Recently different authors proposed a set of OLAP operators, which are defined on the data cube and which produce a new cube as output (see Codd, Codd, & Salley, 1993; Agrawal, Gupta, & Sarawagi, 1997; OLAP Council, 1997; Cabibbo & Torlone, 1998). In this section, we discuss the operators involved in manipulating dimensions with hierarchies in order to introduce some important modifications and specializations.
As mentioned above, this operator decreases the detail of the measure, aggregating it along the dimension hierarchy. A problem arises when a variable relative to a level of the hierarchy is not complete (i.e., in the case of a partial classification hierarchy).
In the following we consider what happens when this operator is applied to a total classification hierarchy and then to a partial classification hierarchy.
Example 6: Let us consider the data cube represented in Example 2. In Figure 11, its "multidimensional" view is illustrated.

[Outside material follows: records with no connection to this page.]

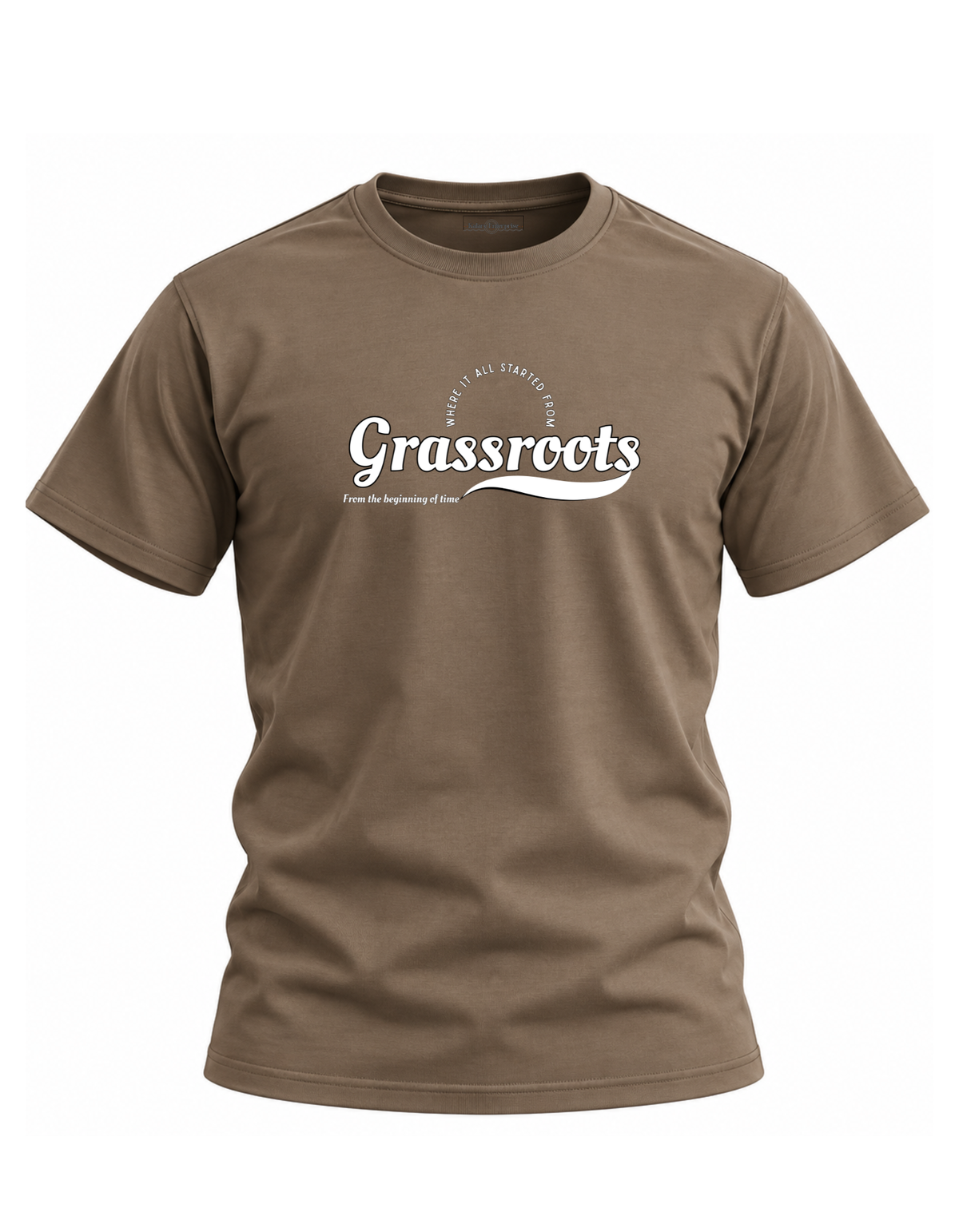 A New Edition Grassroots Tee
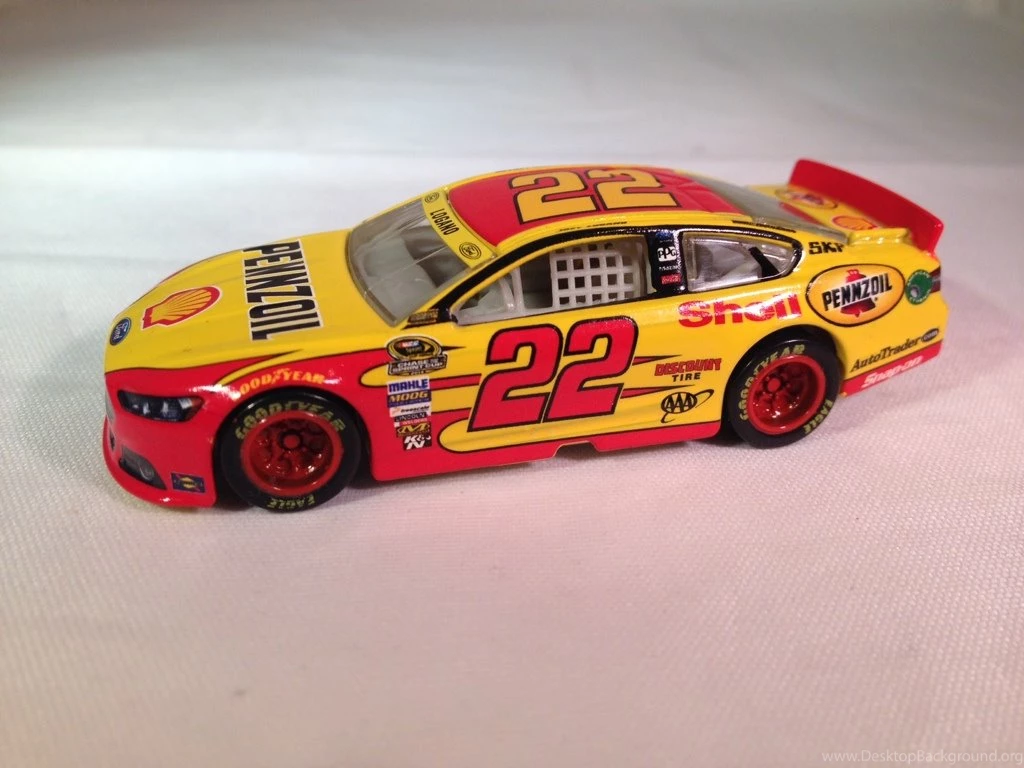 Joey Logano Forum Fan Community Joey Logano NASCAR Authentics ...
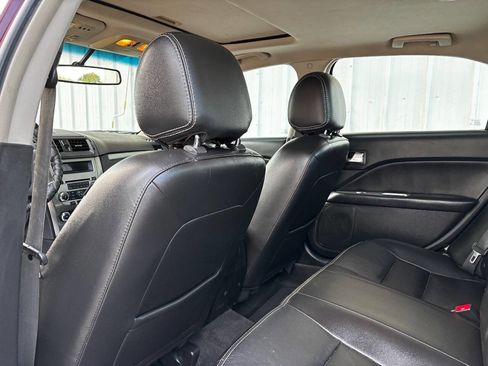 Used 2012 Ford Fusion SEL image 13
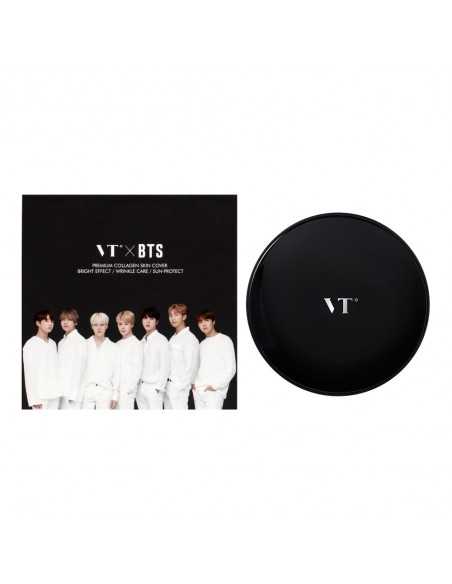 [VT] VTXBTS COLLAGEN PACT (BLACK EDITION)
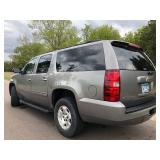 2009 Chevrolet Suburban LT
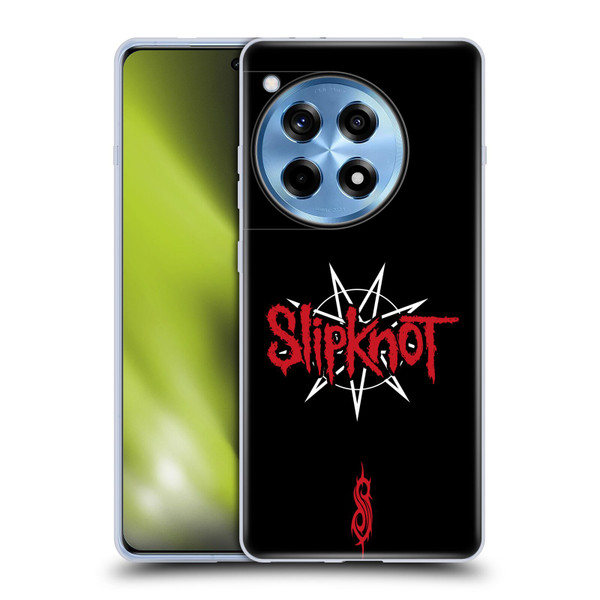 Slipknot We Are Not Your Kind Star Crest Logo Soft Gel Case for OPPO OnePlus Ace 3 5G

Figure 11: A Multidimensional View of the Drink Sales Data Cube
Let us suppose to formulate a query defined as below:
"Select Vendors for which the total Sales is >10000 units in each State in the West"
This query is solved in the following way:
Roll-up from City to Region, Select Region = West, Drill-down from Region to State, Push Vendors, Pull # of Drink sales, Dice # of Drink sales "≤10000."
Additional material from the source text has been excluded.